The amount of PII online has made identity verification particularly challenging for banks,
notes an executive at one large bank who asked not to be named so as to speak candidly. This bank is exploring new technologies to weed out fake personas from real people.
“What we’re seeing now is that a lot of the synthetic identity and even just general identity theft accounts are being opened in large volumes, so they’re being automated through bots,” the executive said. “How do we decipher what is human activity versus scripting attacks? So things like behavioral biometrics are something that we’re working on.”
This large bank is currently using tools such as phone number validation to catch fraudulent accounts before they are created.
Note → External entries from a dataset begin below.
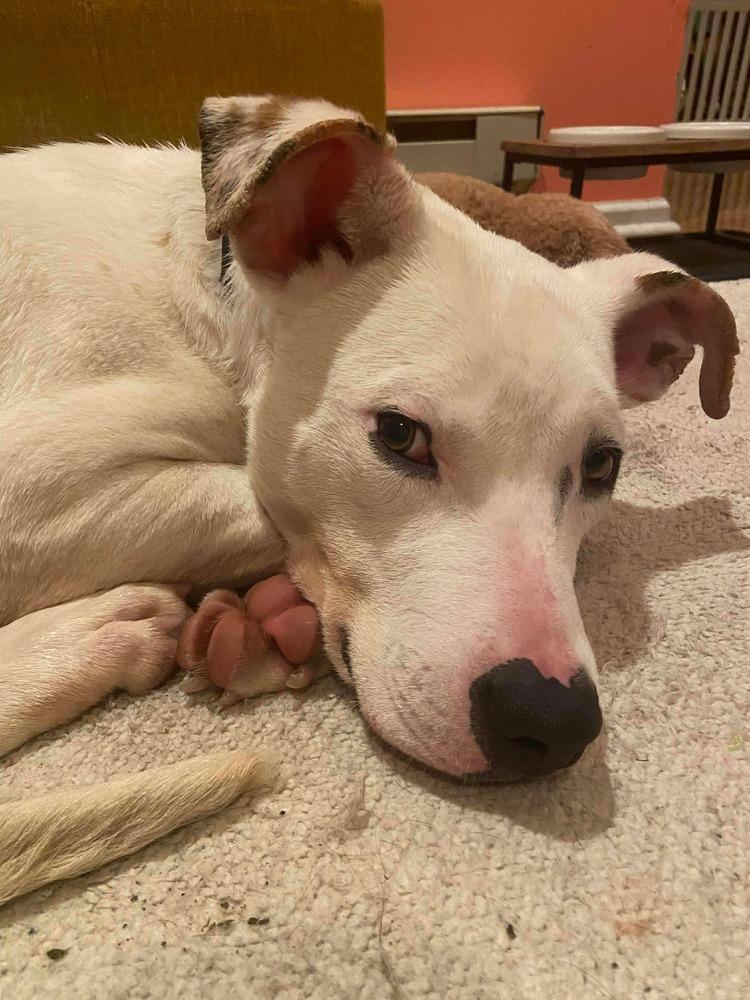 Geno   (2026), Adoptable, Young Male Pit Bull Terrier & American Staffordshire Terrier.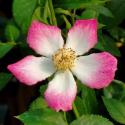 Star Profusion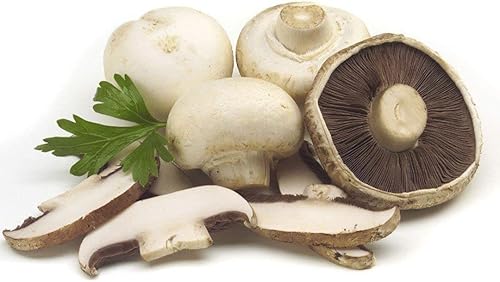 Miniatura 4 de Generic Semillas frescas de flores de Gazania 100 piezas para plantar rosa y azul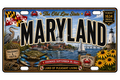 50 State License Plate Sticker Collection •MD•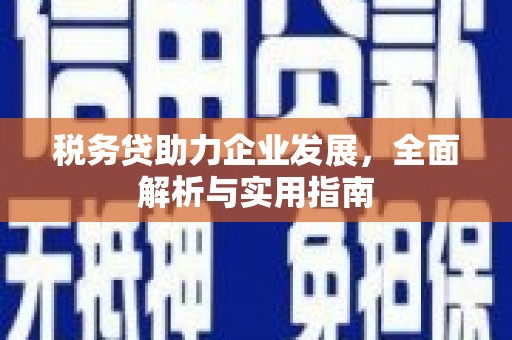 萨迦税务贷助力企业发展，全面解析与实用指南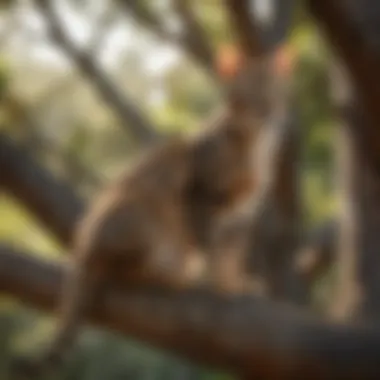 Savannah Cat in Its Natural Habitat A majestic Savannah cat lounging on a tree branch, showcasing its striking coat.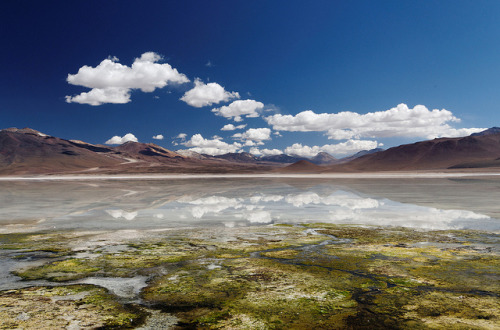 Altiplano: lagoon reflections (by Mike Green)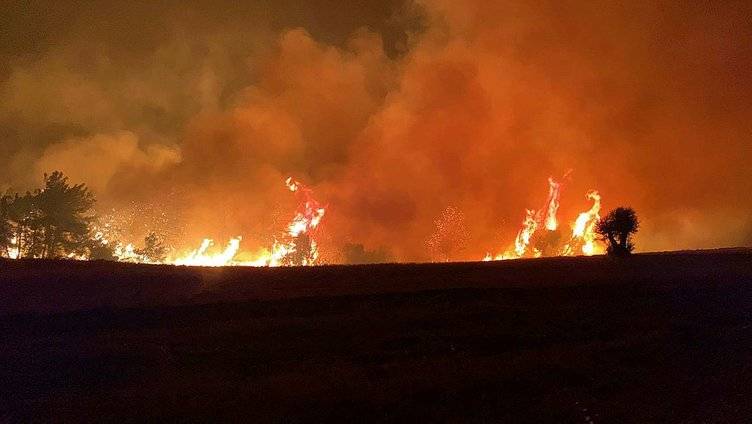 Çanakkale orman yangının çıkış nedeni belli oldu, o köyün muhtarı açıkladı! İşte yangının çıkış nedeni! 4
Still, no matter the systems or processes in place, some will slip through, making monitoring vital, the executive added.
“Keep in mind that when a synthetic identity is used to open up a deposit account, that doesn’t mean that same synthetic identity—or an element of that identity—is not being used in another product that you offer, whether it’s an investor account, a credit card or even an auto loan,” the executive said. The bank, for example, looks for things such as the same Social Security number being used to open multiple accounts. Or multiple accounts being opened from the same IP address or device. “We’re constantly monitoring for that activity and then providing our investigators with link analysis tools that help them identify that connection across our enterprise.”
Three-step strategy
When bolstering a bank’s digital identity verification systems, it is important to consider the three core identity processes in the bank customer’s journey, says Austin Hong, partner in the anti-financial crime practice at consulting firm Oliver Wyman, speaking at the conference. The American Bankers Association and Oliver Wyman last year published a report on the significance of trusted digital identities.
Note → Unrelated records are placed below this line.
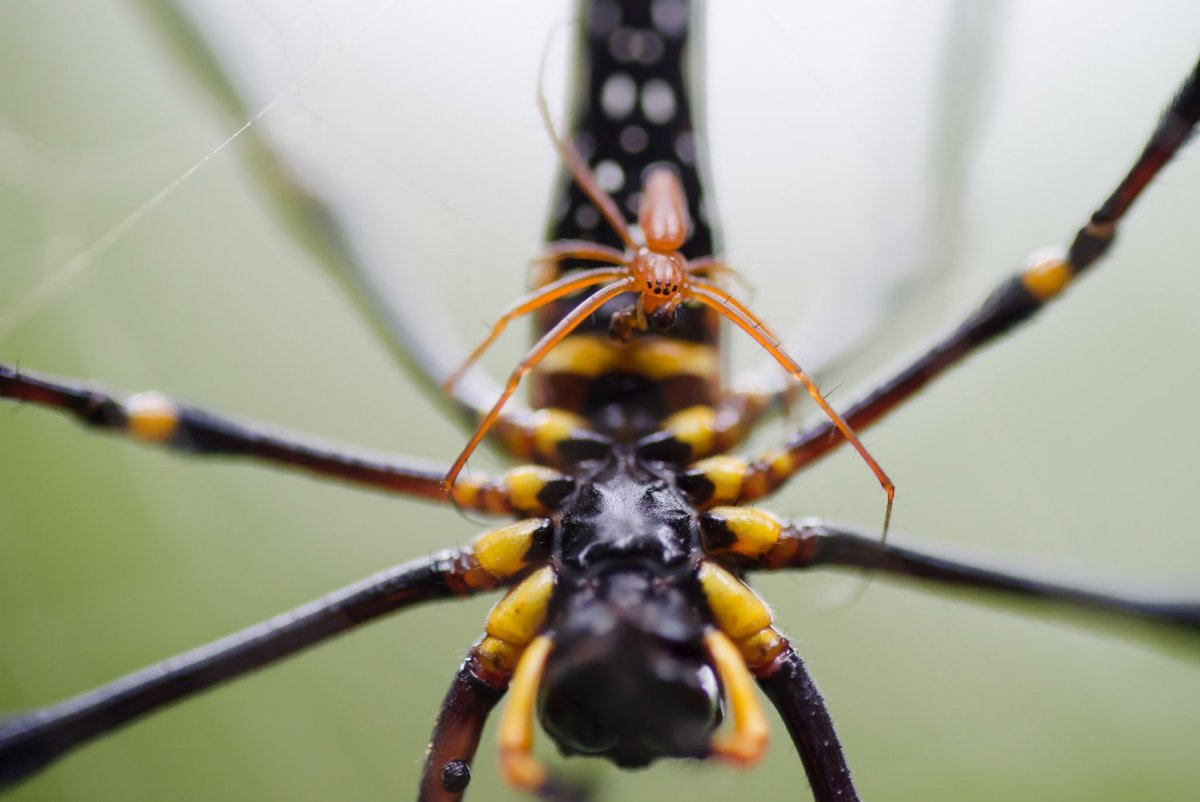 Пауки в Тайланде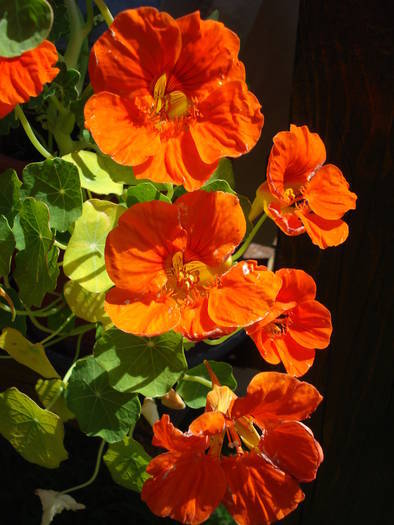 Red Nasturtium (2009, May 24) - NASTURTIUM Tropaeolum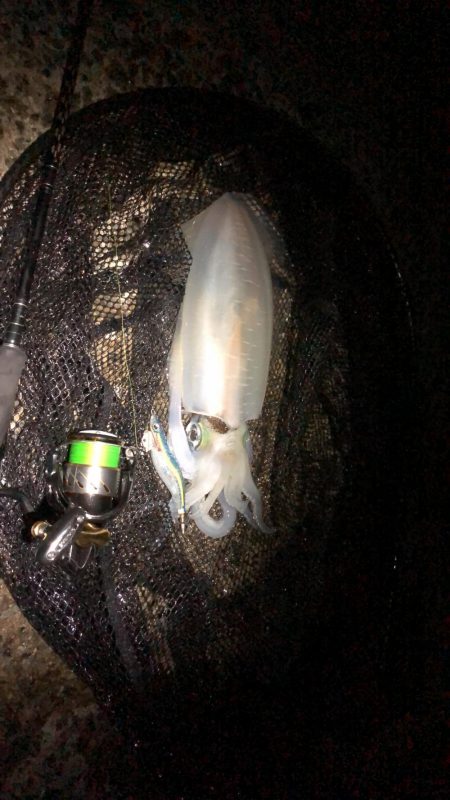 ギリギリですがキロアップでました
The first thing to consider is the identity-proofing and KYC processes used during customer onboarding, Hong says. The second is authentication, which usually occurs when customers log into their accounts. And the third is transaction authorization and monitoring. All three are paramount, but not equally so, in his view.
“The most important part of this process is being able to stop bad actors—the fraudsters—before they get in the bank, so having and strengthening that onboarding verification process is incredibly important,” Hong says.
Banks seeking to bolster their verification processes can start by benchmarking their organizations against peers and industry best practices, the ABA/Oliver Wyman report points out. That base can then be used to create an analysis by mapping a bank’s customer-facing processes to understand where the institution’s controls may be failing and where vulnerabilities are being exploited, as well as identify weaknesses that need to be addressed.
The next step for banks is to empower a single executive to take point on digital identity leadership by giving that person the ability to break down silos in the organization and balance perspectives between key leadership roles. With the analysis and executive leadership in place, banks can then begin vetting vendors to provide security solutions. Just don’t forget to press vendors on what they offer in terms of maintenance and updates to the digital products they provide, Hong adds.
“As we all know, fraud trends are going to change,” he says. “If the technology doesn’t change along with it, it will be out of date.”
Walt Williams is associate editor of ABA Banking Journal.